Automated Image Mapping (AIM): SEMs will raster beam over a larger area of a sample at a given magnification and automatically stitch the caputured images together.
3D Roughness Reconstruction (3DRR): SEM will attempt to focus in a range of depths, then stitch together planes of features which are in focus to generate a 3D image representative of surface topology. This can be exported as an image or .stl file.

## Magnification & Resolution

SEMs can provide an additional 2 orders of magnitude in magnification and resolution when compared to optical microscopes, which typically max out around 1,000x magnification and 200 nm resolution. SEMs typically have around 100,000x magnification and 2 nm resolution. This additional resolution is governed by the Abbe equation and de Broglie wave equation.

### Proof

Abbe’s equation defines the theoretical maximum resolution of a microscope, $\displaystyle{ \delta }$ as:

$\displaystyle{ \delta=\frac{k\lambda}{n\sin(\alpha)} }$,

where $\displaystyle{ k = 0.61 }$ is an empirical constant, $\displaystyle{ n }$ is the refractive index, and $\displaystyle{ \alpha }$ is the aperture half-angle. The term in the denominator, $\displaystyle{ n\sin{\alpha)} }$, is also known as the numerical aperture, or nA.

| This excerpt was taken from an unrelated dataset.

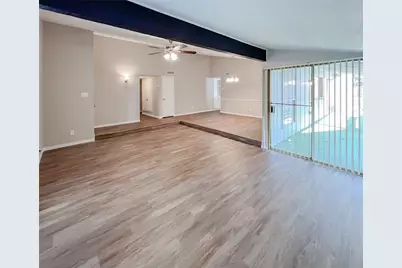 4426 Mint Drive, Garland, TX 75043 - Photo 7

In optical microscopy, Abbe’s equation simplifies to $\displaystyle{ \delta=\frac{0.61\lambda}{nA} }$, where the numerical aperture at high magnifications typically levels out at $\displaystyle{ nA \approx 1.35 }$. Plugging in the $\displaystyle{ \lambda }$ for green light gives:

$\displaystyle{ \delta=\frac{0.61\cdot500\textrm{nm}}{1.35}=226\textnormal{nm} }$

In electron microscopy, the refractive index is typically 1, since the chamber is pumped down to near-vacuum conditions, and the aperture half-angle is typically very small. Using the small-angle approximation, we can simplify Abbe’s equation to

$\displaystyle{ \delta=\frac{0.61\lambda}{\alpha} }$.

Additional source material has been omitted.